Exactly as they stand, set down all of the records again.

Scraped caption text data:

....

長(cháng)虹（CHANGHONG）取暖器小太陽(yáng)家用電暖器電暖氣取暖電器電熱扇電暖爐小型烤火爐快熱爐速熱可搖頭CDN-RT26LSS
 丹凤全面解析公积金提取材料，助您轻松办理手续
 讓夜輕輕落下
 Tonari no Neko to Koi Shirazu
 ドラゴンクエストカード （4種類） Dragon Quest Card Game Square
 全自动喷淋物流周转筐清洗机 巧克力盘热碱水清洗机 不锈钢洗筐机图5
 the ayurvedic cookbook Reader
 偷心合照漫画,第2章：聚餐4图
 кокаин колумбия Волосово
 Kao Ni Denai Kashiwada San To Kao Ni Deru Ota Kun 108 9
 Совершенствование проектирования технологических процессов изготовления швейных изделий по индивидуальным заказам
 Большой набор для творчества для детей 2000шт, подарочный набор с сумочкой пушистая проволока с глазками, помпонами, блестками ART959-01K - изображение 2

....

● **COMPLETED TASK**:
長(cháng)虹（CHANGHONG）取暖器小太陽(yáng)家用電暖器電暖氣取暖電器電熱扇電暖爐小型烤火爐快熱爐速熱可搖頭CDN-RT26LSS
 丹凤全面解析公积金提取材料，助您轻松办理手续
 讓夜輕輕落下
 Tonari no Neko to Koi Shirazu
 ドラゴンクエストカード （4種類） Dragon Quest Card Game Square
 全自动喷淋物流周转筐清洗机 巧克力盘热碱水清洗机 不锈钢洗筐机图5
 the ayurvedic cookbook Reader
 偷心合照漫画,第2章：聚餐4图
 кокаин колумбия Волосово
 Kao Ni Denai Kashiwada San To Kao Ni Deru Ota Kun 108 9
 Совершенствование проектирования технологических процессов изготовления швейных изделий по индивидуальным заказам
 Большой набор для творчества для детей 2000шт, подарочный набор с сумочкой пушистая проволока с глазками, помпонами, блестками ART959-01K - изображение 2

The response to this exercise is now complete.